Jacques Godefroy de Tonnancour was one of the most important Quebec and Canadian contemporary painters. Born in Montreal, Quebec, he had an early interest in drawing. He found it difficult to choose between entomology and art as a career when he was 18. Although largely self taught he entered l’Ecole des Beaux-Arts, Montreal in 1938 where he studied for three years until he rebelled against what he felt was “very academic teaching”. The tree, until 1962, had been an important source of subject matter for him, and his work was discussed and widely reproduced in magazines, books, periodicals, newspapers, and on calendars. Unlike many landscape painters he seldom painted on the spot excepting for the year he spent in Rio de Janeiro on a Brazilian government scholarship, 1945-6.

From his early works in Laurentian landscapes, he evolved into an abstract style influenced by his friends Alfred Pellan, Paul-Emile Borduas, and Goodridge Roberts. His manifesto, Prisme d'yeux, was published in 1948 with Pellan's support; it diverged from the influential Refus global, published around the same time.

His stylistic development is perhaps best explained by the brief summary of the Vancouver Art Gallery catalogue for his retrospective exhibition in January, 1966, as follows: first his figure studies were influenced by Picasso and his landscapes by Goodridge Roberts (1940-45); then he worked directly from nature and abstracted plastic intensity from the physical universe (1945-6); next he concentrated on still life themes and figure studies under the influence of Picasso and Matisse (1946-50); by this time he felt too strongly influenced by Picasso and Matisse and stopped painting in 1950 almost completely until 1955 with the exception of a dozen or so canvases; then he was very prolific and developed expansive, spidery landscapes (one was exhibited at the 1958 Venice Biennial) 1955-59; then he reduced his landscapes to simple planes of sky, and earth, against which he superimposed calligraphic trees smaller and more distant in setting (1958-9); by the end of 1959 he had simplified his landscapes further by using a squeegee, which allowed further abstraction and reduction of his planular structure; a new phase of his work began when he started pressing paper onto the painted surface and lifting it off to achieve an impersonal pulled effect in 1962. He continued to develop new methods and to work with new materials.

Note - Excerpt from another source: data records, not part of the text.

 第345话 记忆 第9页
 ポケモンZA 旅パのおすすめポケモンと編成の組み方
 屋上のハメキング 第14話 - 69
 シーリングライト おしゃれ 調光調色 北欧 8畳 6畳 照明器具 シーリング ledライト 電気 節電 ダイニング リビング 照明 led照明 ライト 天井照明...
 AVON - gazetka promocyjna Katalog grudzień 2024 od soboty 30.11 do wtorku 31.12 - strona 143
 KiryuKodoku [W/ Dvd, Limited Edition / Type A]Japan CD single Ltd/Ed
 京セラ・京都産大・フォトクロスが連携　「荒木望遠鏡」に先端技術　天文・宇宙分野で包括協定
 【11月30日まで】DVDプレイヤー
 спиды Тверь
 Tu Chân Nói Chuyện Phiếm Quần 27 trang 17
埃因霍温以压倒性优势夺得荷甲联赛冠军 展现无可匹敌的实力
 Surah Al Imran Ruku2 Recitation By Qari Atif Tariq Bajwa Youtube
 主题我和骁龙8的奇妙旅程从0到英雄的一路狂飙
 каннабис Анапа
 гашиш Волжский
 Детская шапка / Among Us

He sometimes spent six months on the one canvas, painting in the mornings and teaching in the afternoons.

He was the Canadian delegate to a UNESCO conference in Florence in 1950. He taught at the Ecole des Beaux-Arts, and at UQAM after the Ecole became part of it, from 1969 to 1982. He was awarded a medal by the Canada Council in 1968, became an Officer of the Order of Canada in 1979), won the Societe Saint-Jean-Baptiste Philippe-Hebert medal in 1980, and was made an Officer of the Ordre du Quebec in 1993. He has received honorary degrees from McGill and Concordia universities, and is a professor emeritus of UQAM.

After 1981, he moved away from the art world to undertake the study of insects, a childhood interest, and published a book, “Les insectes: monstres ou splendeurs cachees”, in 2002; it won the Prix Marcel-Couture. He lived at St. Lambert, Quebec, near Montreal.